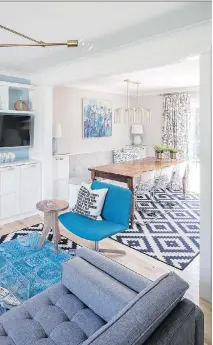  ?? PHOTOS: JVL PHOTO ?? Layered rugs feel extra plush and add warmth for fall. Emma Doucet used the same graphic rug in the living room and dining room of a recent project, then layered a small, colourful carpet to anchor the seating area.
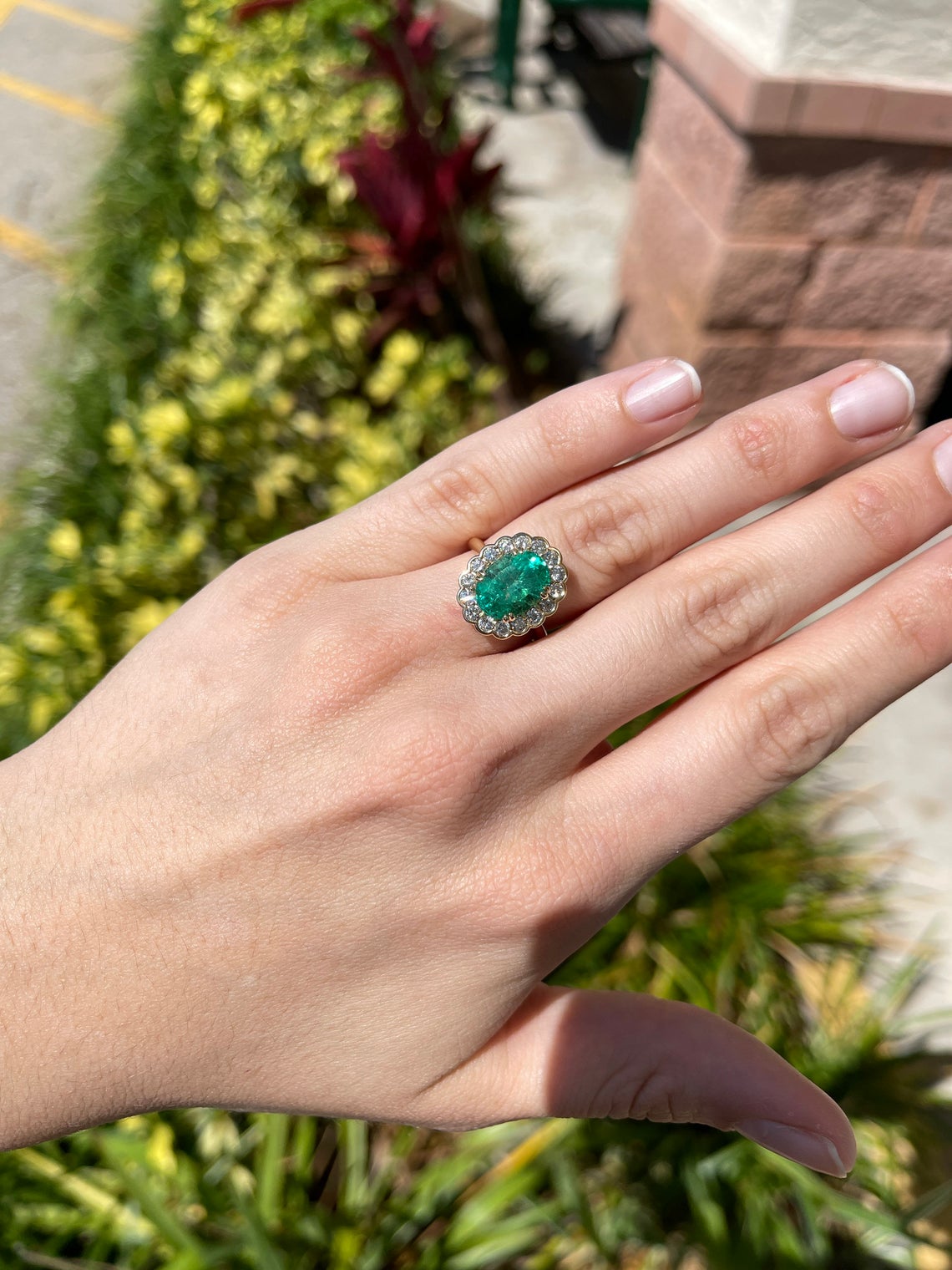 5.15tcw 18K Gold Oval Colombian Emerald & Diamond Halo Statement Ring for Women - Luxury Engagement, Anniversary Gift, Evening Party Jewelry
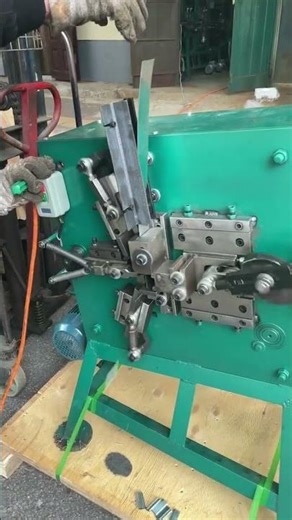 Packing clip machine for making both PP strap clip and indsutrial steel strap clip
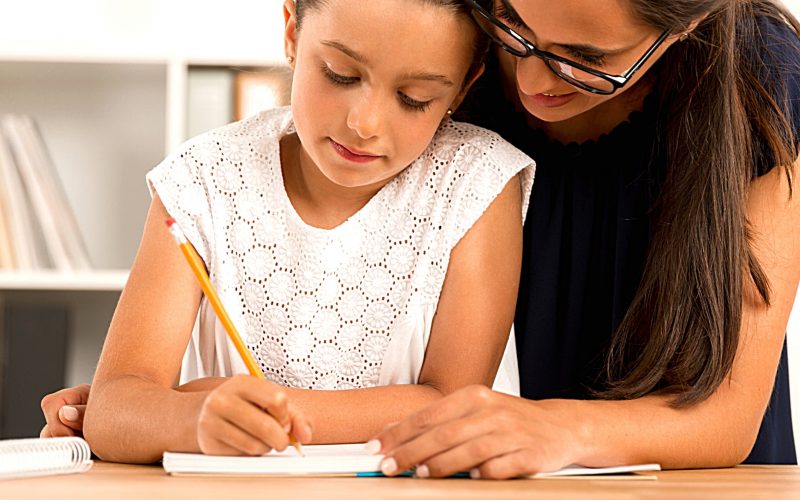 Simple Tips to Get Started Homeschooling | Great Peace Living #homeschooling #homeschool #homeschoolmoms #howtohomeschool #ihsnet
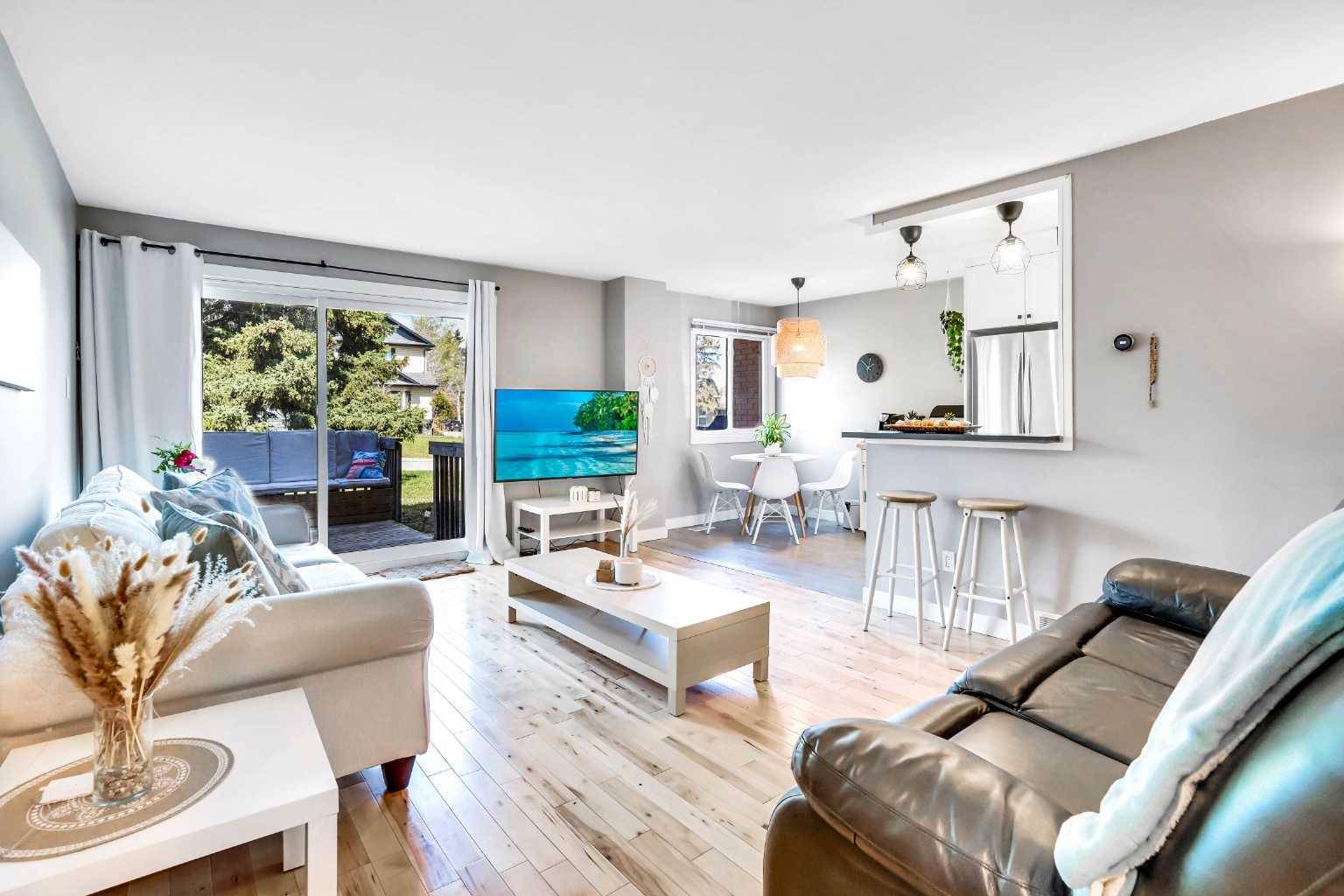Calgary, AB T3E 0Y4,4403 33 AVE SW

▬▬▬▬▬▬▬▬▬▬

• **Problem requirements**:
Restate the listing above word for word and skip each picture.

• **Answer**:
  ?? PHOTOS: JVL PHOTO ?? Layered rugs feel extra plush and add warmth for fall. Emma Doucet used the same graphic rug in the living room and dining room of a recent project, then layered a small, colourful carpet to anchor the seating area.
 5.15tcw 18K Gold Oval Colombian Emerald & Diamond Halo Statement Ring for Women - Luxury Engagement, Anniversary Gift, Evening Party Jewelry
 Packing clip machine for making both PP strap clip and indsutrial steel strap clip
 Simple Tips to Get Started Homeschooling | Great Peace Living #homeschooling #homeschool #homeschoolmoms #howtohomeschool #ihsnet
Calgary, AB T3E 0Y4,4403 33 AVE SW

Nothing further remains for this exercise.